Elsevier

Journal of Biotechnology

Volume 325, 10 January 2021, Pages 119-127
Journal of Biotechnology

Effects of metabolic pathway gene copy numbers on the biosynthesis of (2S)-naringenin in Saccharomyces cerevisiae

https://doi.org/10.1016/j.jbiotec.2020.11.009Get rights and content

Highlights

  • The heterologous (2S)-naringenin metabolic pathway was integrated into the multiple copy site of Saccharomyces cerevisiae.

  • Elimination of feedback inhibition and branch pathway downregulation increases (2S)-naringenin production.

  • (2S)-Naringenin metabolic pathway gene copy number and transcription level are positively correlated.

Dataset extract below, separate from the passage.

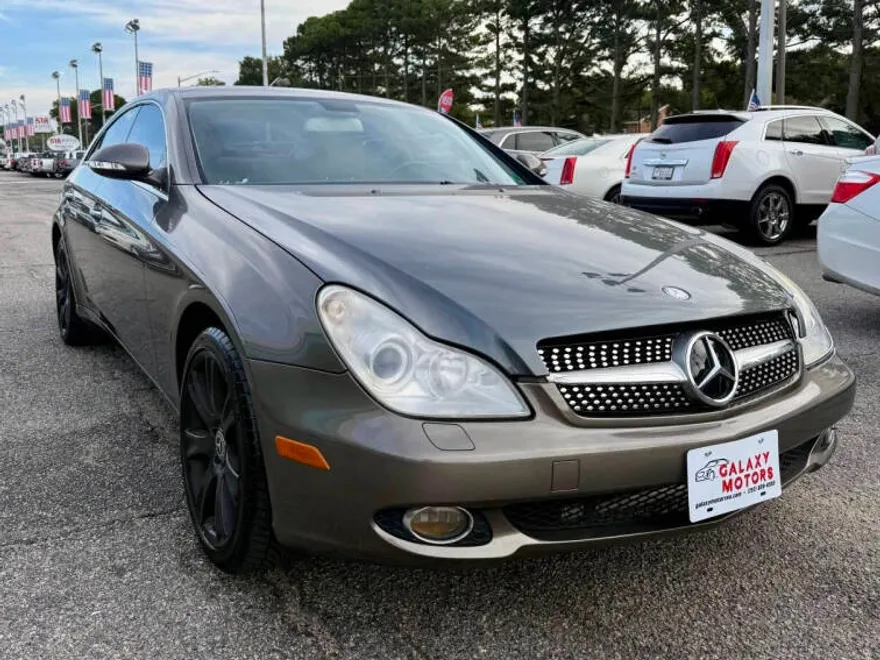 2008 Mercedes Benz CLS 550 photo 1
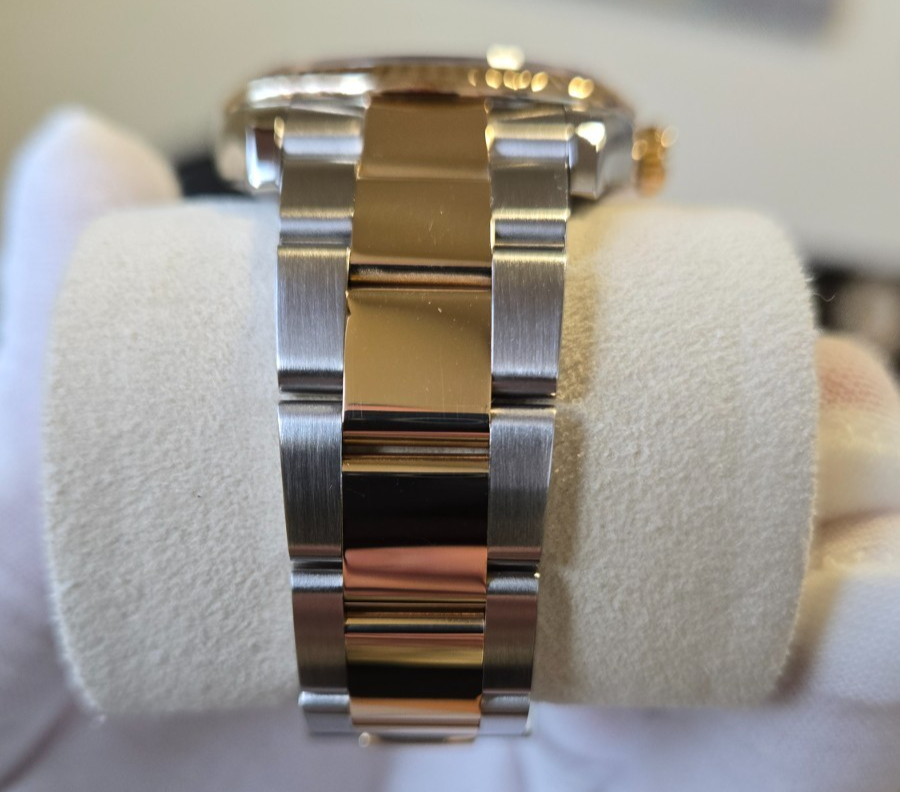 Rolex Datejust 36 — Ref. 126233 | 2021 | "Palm Motif" Champagne Dial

  • The optimum strain can produce 149.8 mg/L (2S)-naringenin.

Abstract

Flavonoids have notable biological activities and have been widely used in the medicinal and chemical industries. However, single-copy integration of heterologous pathway genes limits the production of flavonoids. In this work, we designed and constructed single-step integration of multiple flavonoid (2S)-naringenin biosynthetic pathway genes in S. cerevisiae. The efficiency of the naringenin metabolic pathway gene integration into the rDNA site reached 93.7%. Subsequently, we used a high titer p-coumaric acid strain as a chassis, which eliminated feedback inhibition of tyrosine and downregulated the competitive pathway. The results indicated that increasing the supply of p-coumaric acid was effective for naringenin production. We additionally optimized the amount of donor DNA. The optimum strain produced 149.8 mg/L of (2S)-naringenin. The multi-copy integration of flavonoid pathway genes effectively improved (2S)-naringenin production in S. cerevisiae. We further analyzed the copy numbers and expression levels of essential genes (4CL and CHS) in the (2S)-naringenin metabolic pathway by qPCR. Higher copy numbers of the (2S)-naringenin metabolic pathway genes were associated with greater 4CL and CHS transcription, and the efficiency of naringenin production was higher. Therefore, multi-copy integration of genes in the (2S)-naringenin metabolic pathway was imperative in rewiring p-coumaric acid flux to enhance flavonoid production.

Introduction

Flavonoids are secondary plant metabolites with many critical physiological functions and applications. Currently, approximately 10,000 unique structures of flavonoids have been recorded (Dixon and Pasinetti, 2010; Lv et al., 2019). Plants produce flavonoids to protect themselves from fungal parasites, pathogens, and ultraviolet radiation (Dixon and Steele, 1999; Fowler and Koffas, 2009; Wang et al., 2011). Flavonoids also confer plant color and facilitate communication with other species, such as by encouraging animals to scatter their seeds (Havsteen, 2002). Furthermore, flavonoids exhibit diverse biological and pharmacological effects such as antioxidant, antiallergic, antibacterial, anticancer, and hepatoprotective properties (Khan et al., 2019; Najmanova et al., 2019; Thaiss et al., 2016; Ulusoy and Sanlier, 2019; Zhang et al., 2019). (2S)-Naringenin, a crucial intermediate for producing various flavonoids, has an important role in the microbial synthesis of flavonoids.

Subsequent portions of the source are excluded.